Just a few hours before a mandatory curfew was to go into effect for the majority of Miami, a handful of residents and tourists who decided to stay put ahead of Hurricane Irma spent time walking the abandoned streets and watching the waves grow as the potentially catastrophic storm inched closer to the Sunshine State.
The wind and water – both unpredictable forces - kicked up considerably. Irma, the most powerful storm to hit the area in a decade, ravaged Cuba Friday night as a Category 5 storm before being downgraded to a Cat-3 storm Saturday, though it is expected to strengthen again.
Florida Gov. Rick Scott warned Saturday, “This is a life threatening situation. Our state has never seen anything like it.”
More than 5 million people – about 25 percent of the state’s population - were ordered out of Florida ahead of the storm.
Some listened. Some didn’t.
As the wind howled, several cranes in the downtown area swayed dangerously toward each other and nearby buildings. At one point, this reporter witnessed three large cranes circling.
A few blocks down the road, Bill and Shelly Wimberly took a stroll through the mostly-abandoned streets of Miami. They were among a handful of people trying to squeeze in some time outside before the mandatory curfews went into place starting at 7 p.m.
“There’s not a lot else to do,” Shelly Wimberly said. “All the stores are closed. The movie theater is closed. The museums are closed. The restaurants are closed and our hotel is filled with reporters.”
In Miami Beach, one shirtless man wearing hot pink arm floaties tied himself to a pole and declared that’s where he planned to ride out the storm. Some people within earshot laughed. Others rolled their eyes. One called him, “stupid as (expletive.)”
About 35 miles north in Hollywood Beach, the boardwalk was still fairly busy by mid-afternoon. The natural disaster brought an eclectic group to the area including self-described “hurricane historian” Nathan Parks.
The Cuban-born Floridian was on the beach with a homemade metal detector made out of aluminum cans. When asked by Fox if he had ever found anything with the device, he declared, “Not even a dime.”
Florida has been preparing for Irma for more than a week now, which included bolting down palm trees and securing the state’s famous pink flamingos.

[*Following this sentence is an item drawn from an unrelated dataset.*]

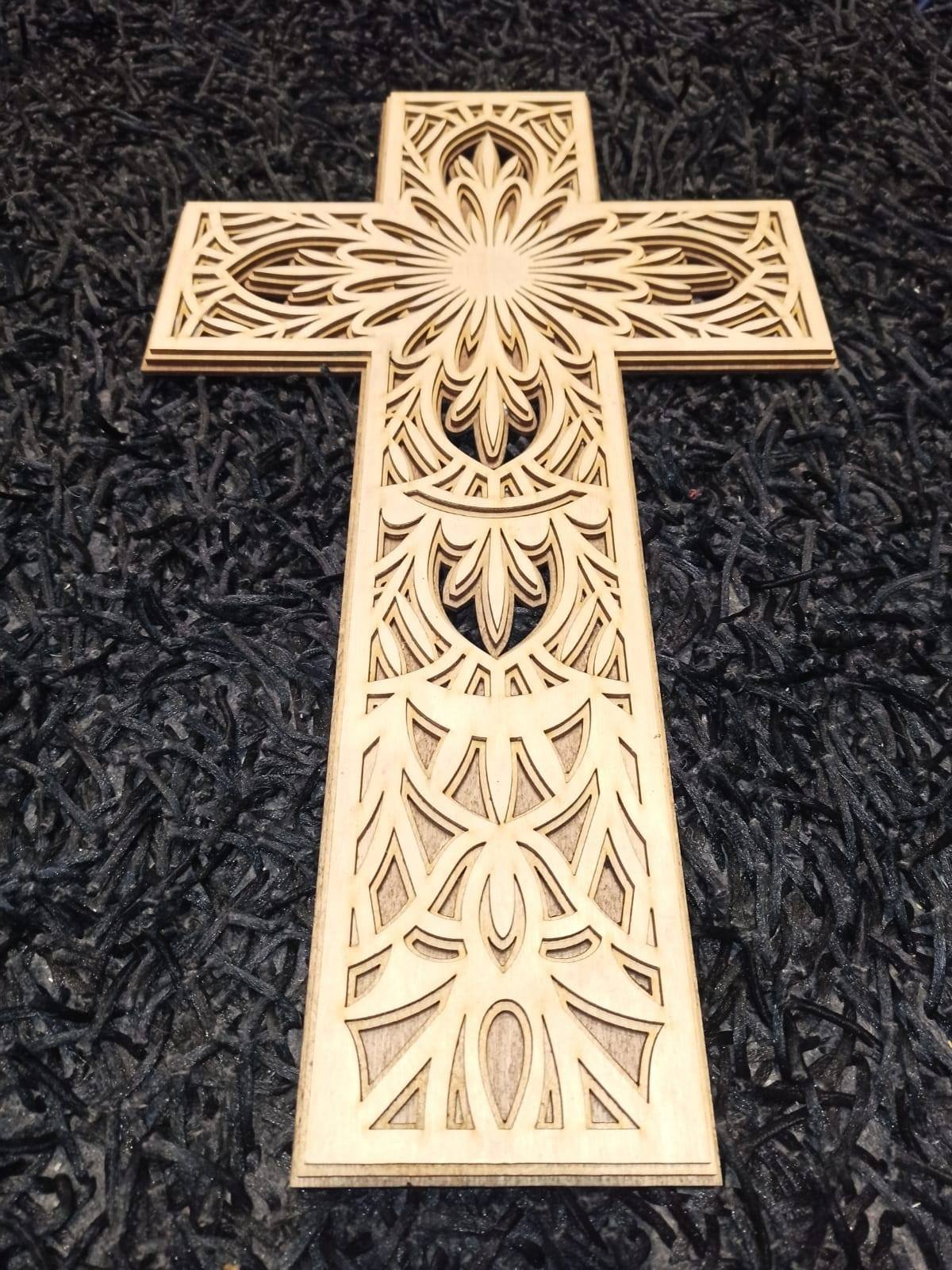 Large Wooden Cross with LED lights - Image 4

Zoo Miami announced its birds would spend the storm in their steel cages – not in a public bathroom like they did 25 years ago when Hurricane Andrew tore through town.
The iconic picture taken by staffer Ron Magill became one of the most recognized images to come out of Andrew. In the picture, a group of flamingos were huddled together in a restroom, staring at themselves in a mirror and in front of a row of sinks. The picture, some say, represented the absurdity and enormity of the storm and how off guard Andrew caught them.
This time around, preparations to protect the flamingos began much earlier.
Magill, now the zoo’s communication director, says it’s safer to keep the birds in Miami because Irma’s path has been so inconsistent. He says moving them could actually put them in more danger.